--- Data provided ---
——

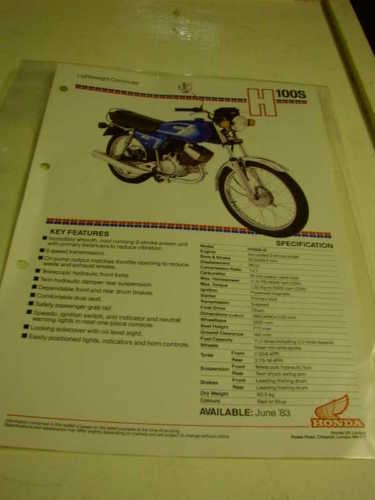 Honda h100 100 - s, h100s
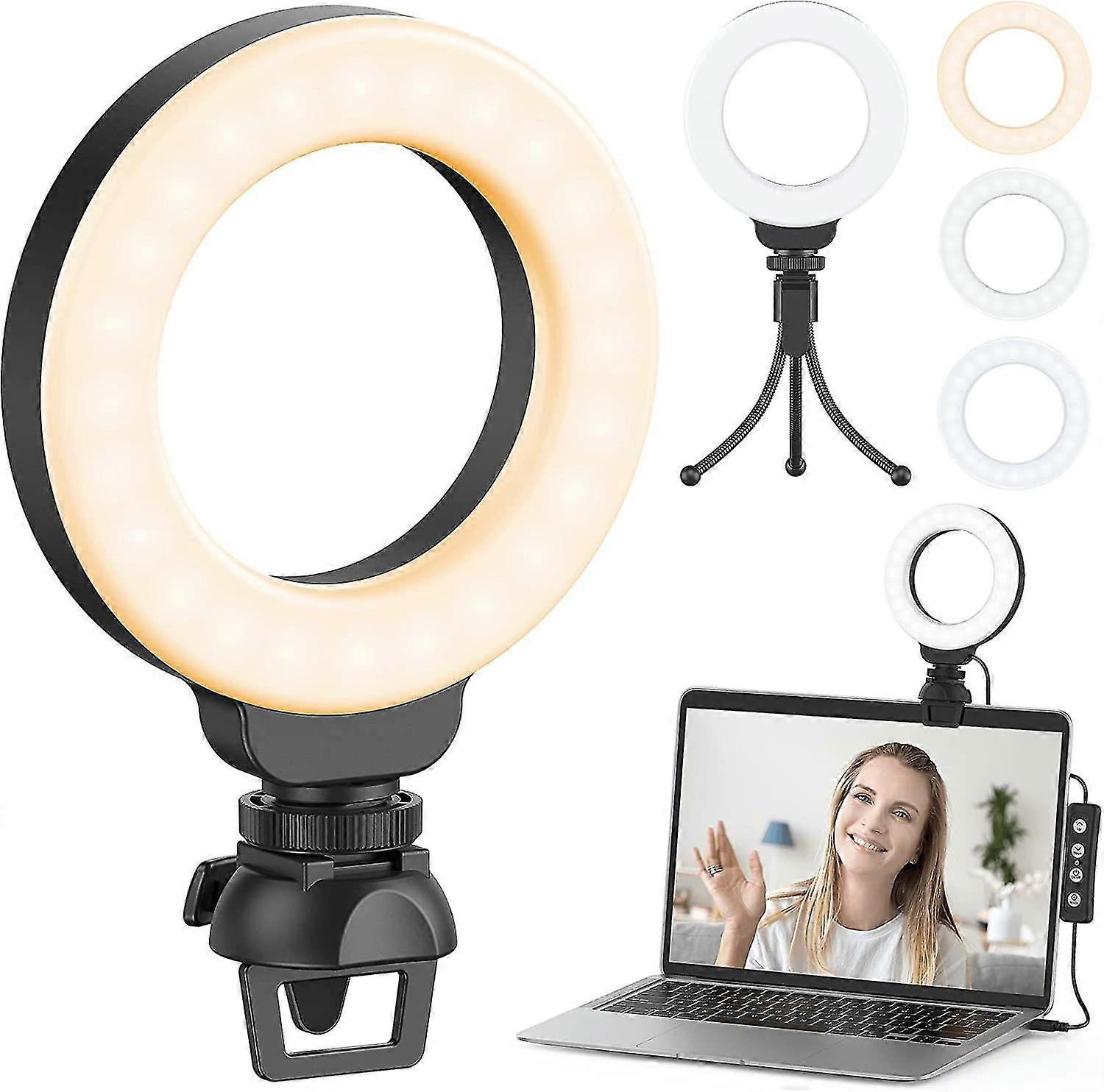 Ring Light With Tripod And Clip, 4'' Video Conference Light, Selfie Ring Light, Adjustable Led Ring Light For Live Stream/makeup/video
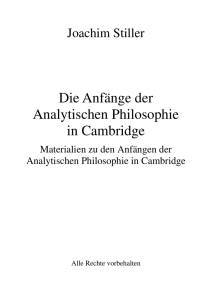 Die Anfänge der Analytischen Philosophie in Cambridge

——

--- Problem to solve ---
The listing is to be reproduced in full and exactly, except that its pictures are to be dropped.

--- Your response ---
 Honda h100 100 - s, h100s
 Ring Light With Tripod And Clip, 4'' Video Conference Light, Selfie Ring Light, Adjustable Led Ring Light For Live Stream/makeup/video
 Die Anfänge der Analytischen Philosophie in Cambridge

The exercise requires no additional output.